> **To do**
Beginning at the line that contains "Country Chic Outfits, Western", transcribe every line up to the last one in the material below. Include no other lines.

> **Supplied data**

***

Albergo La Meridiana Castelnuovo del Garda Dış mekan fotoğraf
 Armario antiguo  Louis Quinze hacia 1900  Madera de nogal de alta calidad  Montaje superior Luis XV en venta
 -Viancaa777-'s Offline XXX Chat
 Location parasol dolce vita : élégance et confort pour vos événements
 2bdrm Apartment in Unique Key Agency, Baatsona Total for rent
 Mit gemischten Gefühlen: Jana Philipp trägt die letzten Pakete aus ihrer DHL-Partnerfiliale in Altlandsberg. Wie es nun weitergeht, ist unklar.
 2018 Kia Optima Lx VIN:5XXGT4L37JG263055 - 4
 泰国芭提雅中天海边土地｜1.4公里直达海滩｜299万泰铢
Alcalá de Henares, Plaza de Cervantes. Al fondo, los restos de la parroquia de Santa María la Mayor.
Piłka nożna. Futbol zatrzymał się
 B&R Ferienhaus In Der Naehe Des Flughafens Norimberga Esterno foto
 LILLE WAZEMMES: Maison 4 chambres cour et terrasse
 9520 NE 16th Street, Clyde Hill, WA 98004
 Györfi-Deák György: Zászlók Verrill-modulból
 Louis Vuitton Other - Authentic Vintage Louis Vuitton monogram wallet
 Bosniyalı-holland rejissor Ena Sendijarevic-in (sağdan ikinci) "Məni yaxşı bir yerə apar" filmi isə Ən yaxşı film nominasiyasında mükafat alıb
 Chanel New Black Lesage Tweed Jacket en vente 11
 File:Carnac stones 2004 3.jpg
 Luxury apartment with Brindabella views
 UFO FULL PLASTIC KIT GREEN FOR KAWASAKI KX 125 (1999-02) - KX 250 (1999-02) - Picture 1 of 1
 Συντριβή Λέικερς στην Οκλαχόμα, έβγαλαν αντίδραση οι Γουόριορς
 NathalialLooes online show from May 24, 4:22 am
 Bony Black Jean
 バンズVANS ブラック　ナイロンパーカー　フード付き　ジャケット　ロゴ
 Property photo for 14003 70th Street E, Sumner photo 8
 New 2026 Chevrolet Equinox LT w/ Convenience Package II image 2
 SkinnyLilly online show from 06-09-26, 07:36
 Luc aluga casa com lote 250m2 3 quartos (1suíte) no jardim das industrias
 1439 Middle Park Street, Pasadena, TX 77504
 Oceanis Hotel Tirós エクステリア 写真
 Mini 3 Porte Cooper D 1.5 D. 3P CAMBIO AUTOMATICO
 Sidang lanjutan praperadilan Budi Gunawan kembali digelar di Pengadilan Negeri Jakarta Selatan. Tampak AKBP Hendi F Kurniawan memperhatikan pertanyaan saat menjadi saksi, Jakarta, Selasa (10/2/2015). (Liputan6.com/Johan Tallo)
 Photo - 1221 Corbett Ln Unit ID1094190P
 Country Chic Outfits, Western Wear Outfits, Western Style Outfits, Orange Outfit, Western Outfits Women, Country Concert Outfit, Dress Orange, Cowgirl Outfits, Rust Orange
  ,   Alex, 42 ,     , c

***

> **Written reply**
 Country Chic Outfits, Western Wear Outfits, Western Style Outfits, Orange Outfit, Western Outfits Women, Country Concert Outfit, Dress Orange, Cowgirl Outfits, Rust Orange
  ,   Alex, 42 ,     , c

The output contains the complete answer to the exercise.